> _Assignment_
The entire listing that follows must be repeated exactly, pictures excluded.

══ Data block

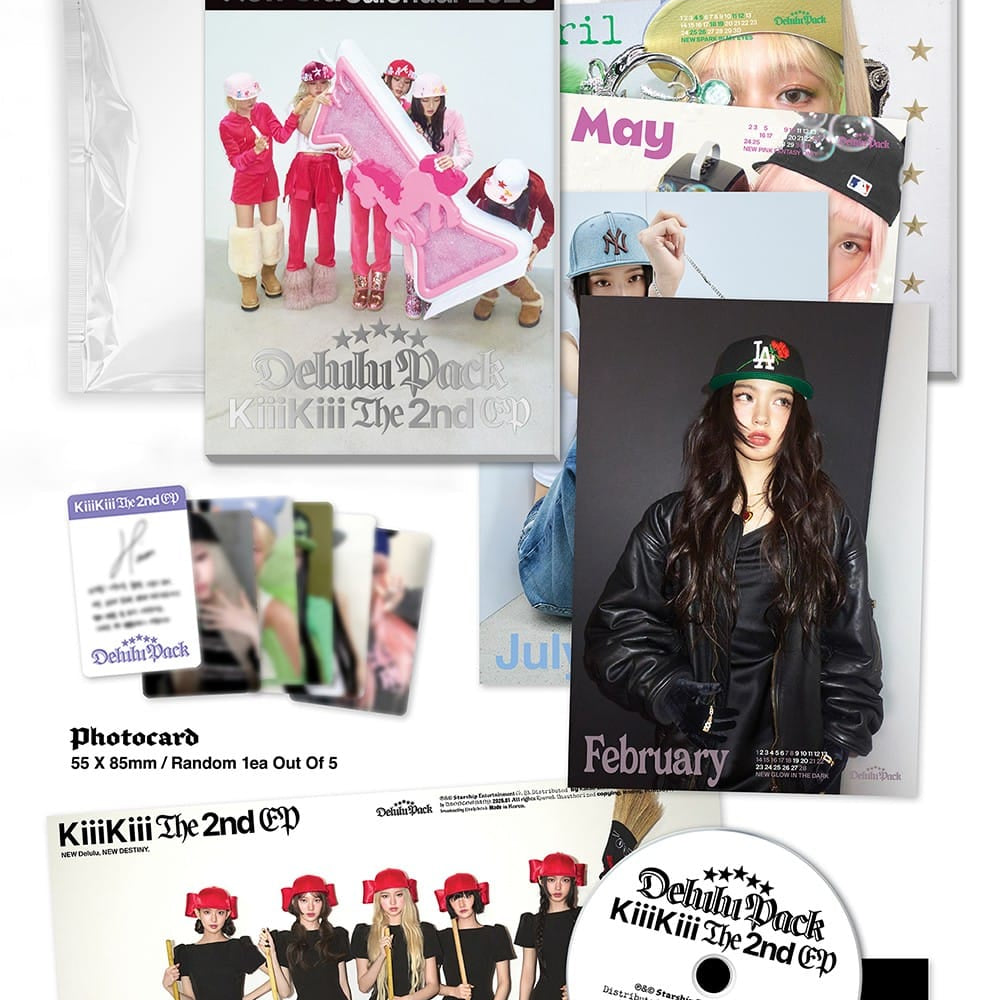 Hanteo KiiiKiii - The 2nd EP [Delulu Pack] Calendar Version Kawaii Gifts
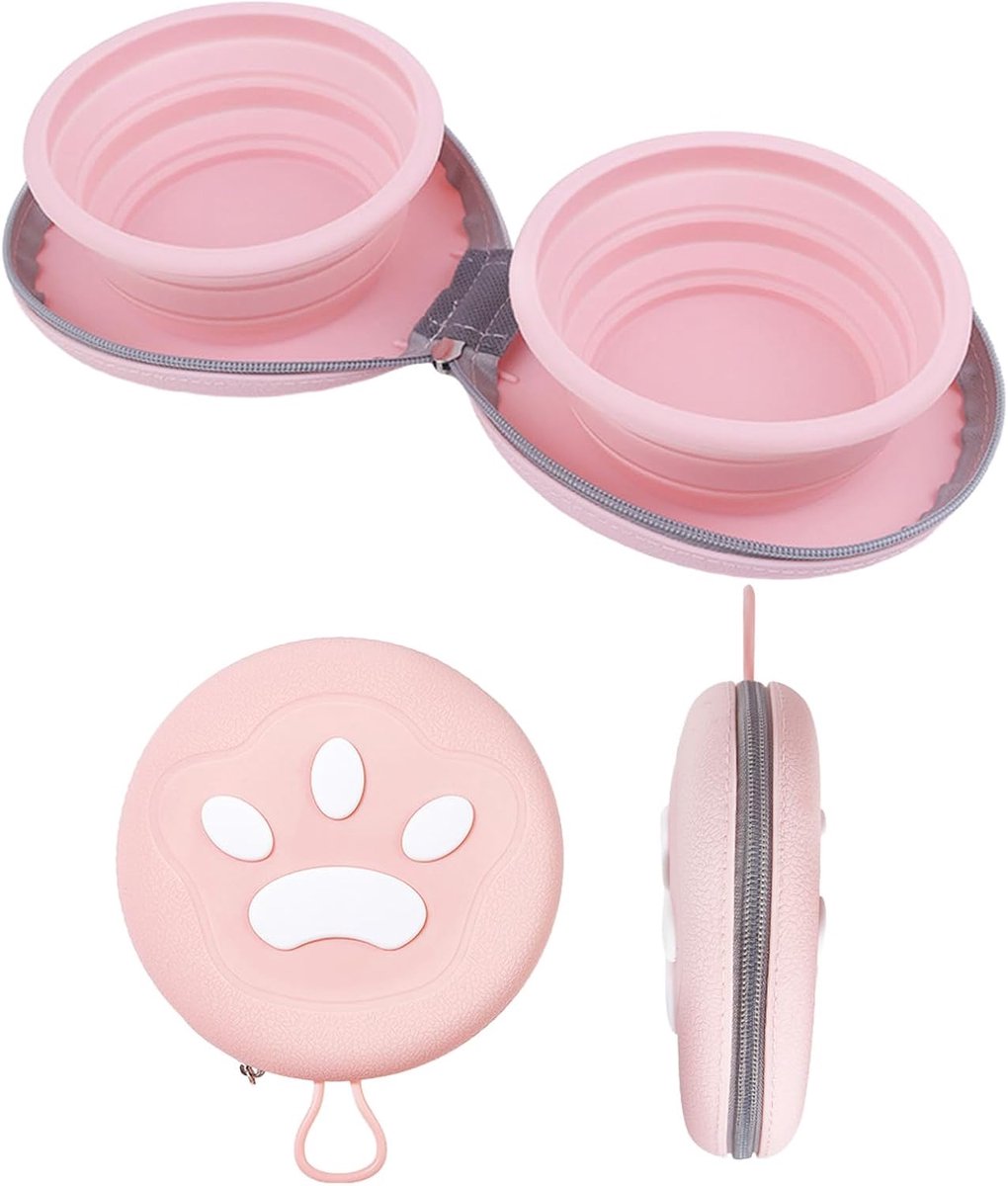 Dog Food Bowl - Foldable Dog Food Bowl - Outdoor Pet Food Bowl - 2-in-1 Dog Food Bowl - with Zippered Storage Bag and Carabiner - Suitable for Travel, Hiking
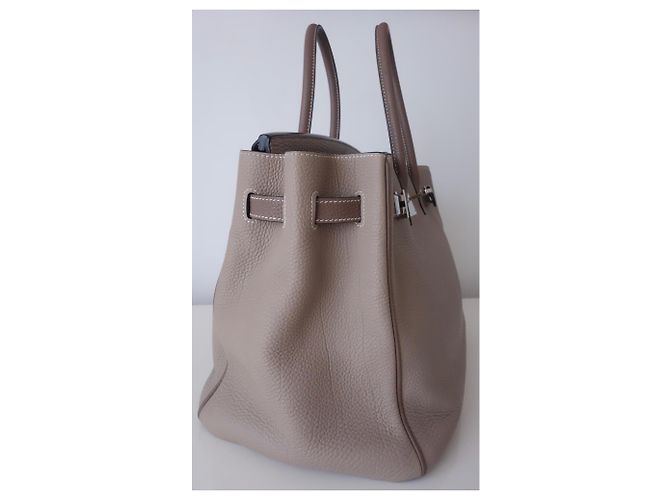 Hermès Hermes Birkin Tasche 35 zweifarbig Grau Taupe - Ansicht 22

════

> _Response to this exercise_
 Hanteo KiiiKiii - The 2nd EP [Delulu Pack] Calendar Version Kawaii Gifts
 Dog Food Bowl - Foldable Dog Food Bowl - Outdoor Pet Food Bowl - 2-in-1 Dog Food Bowl - with Zippered Storage Bag and Carabiner - Suitable for Travel, Hiking
 Hermès Hermes Birkin Tasche 35 zweifarbig Grau Taupe - Ansicht 22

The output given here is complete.